*ASSIGNMENT:* Skip the pictures and give back the rest of the listing exactly.

■ ■ ■ ■ ■ ■ ■

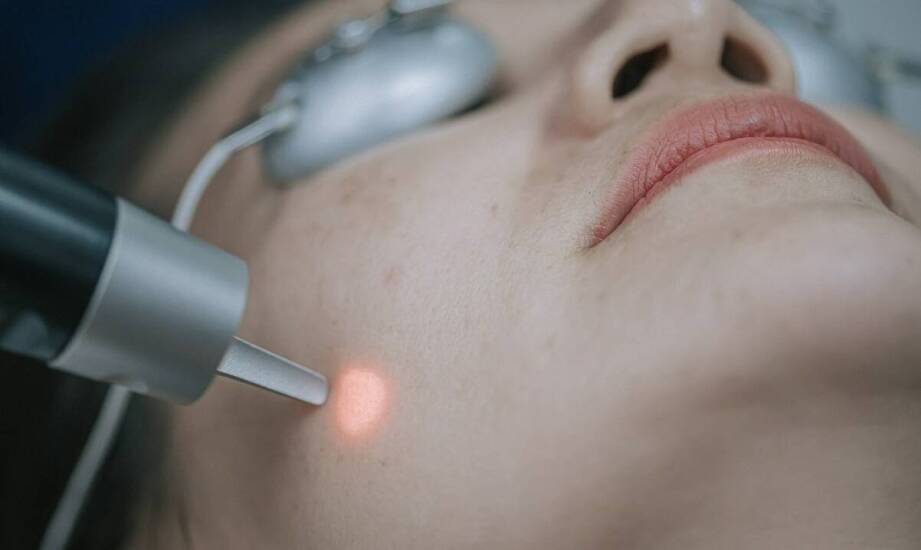 Jak długo utrzymują się efekty odmładzania za pomocą lasera CO2?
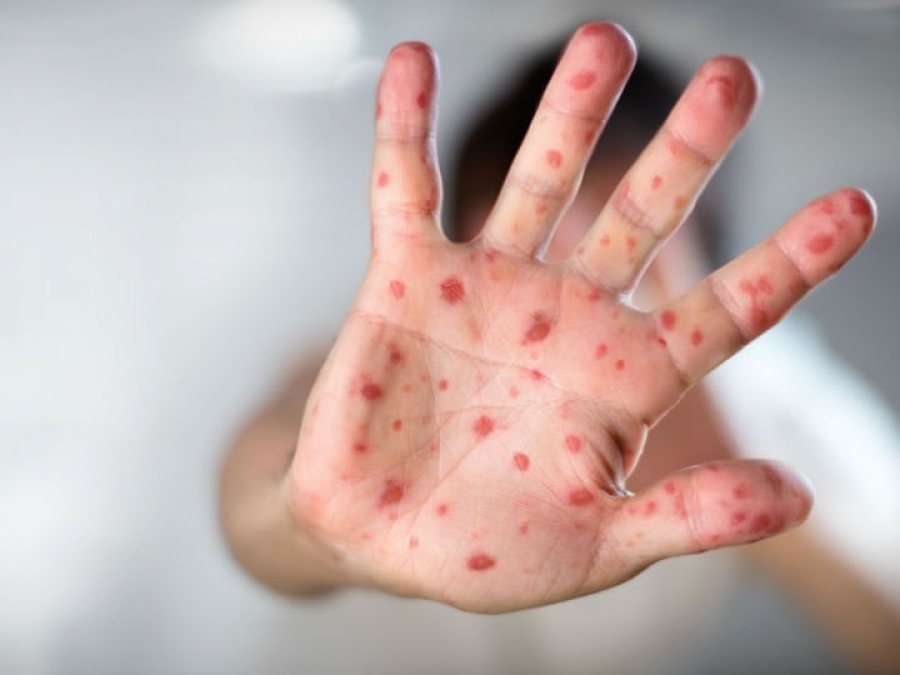 Sarampión: dos personas de Catamarca permanecen bajo vigilancia epidemiológica · Examedia
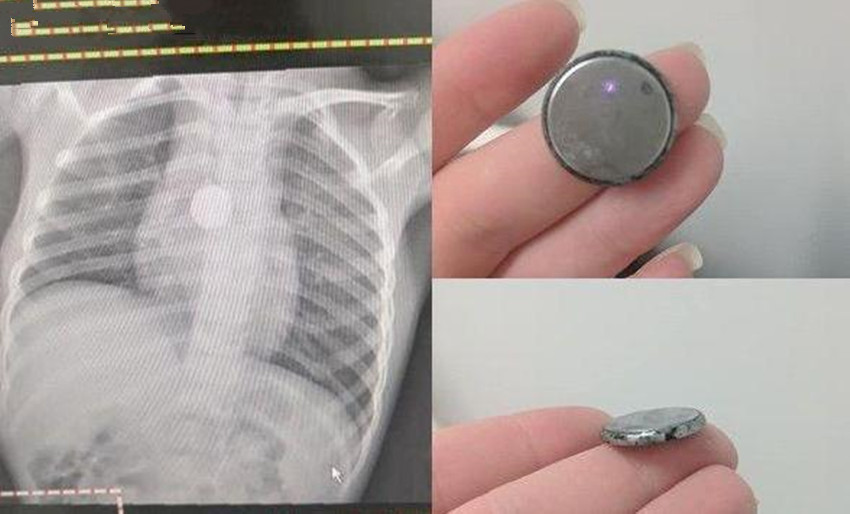 硬币|6岁女童患怪病突然暴瘦,检查时医生让摘项链,妈妈哪里有项链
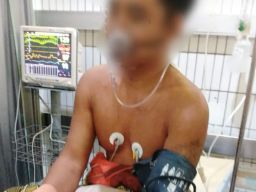 Wartawan Komandopatas Dibacok dan Nyaris Tewas Kena Tembak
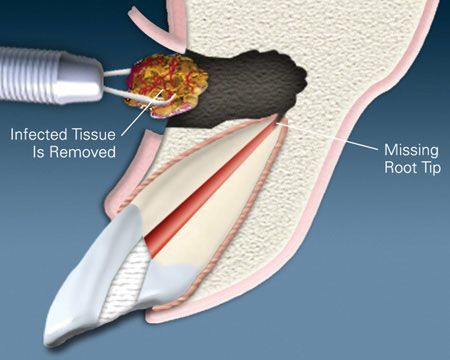 An illustration of a tooth with a missing root tip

■ ■ ■ ■ ■ ■ ■

*COMPLETED EXERCISE:*
 Jak długo utrzymują się efekty odmładzania za pomocą lasera CO2?
 Sarampión: dos personas de Catamarca permanecen bajo vigilancia epidemiológica · Examedia
 硬币|6岁女童患怪病突然暴瘦,检查时医生让摘项链,妈妈哪里有项链
 Wartawan Komandopatas Dibacok dan Nyaris Tewas Kena Tembak
 An illustration of a tooth with a missing root tip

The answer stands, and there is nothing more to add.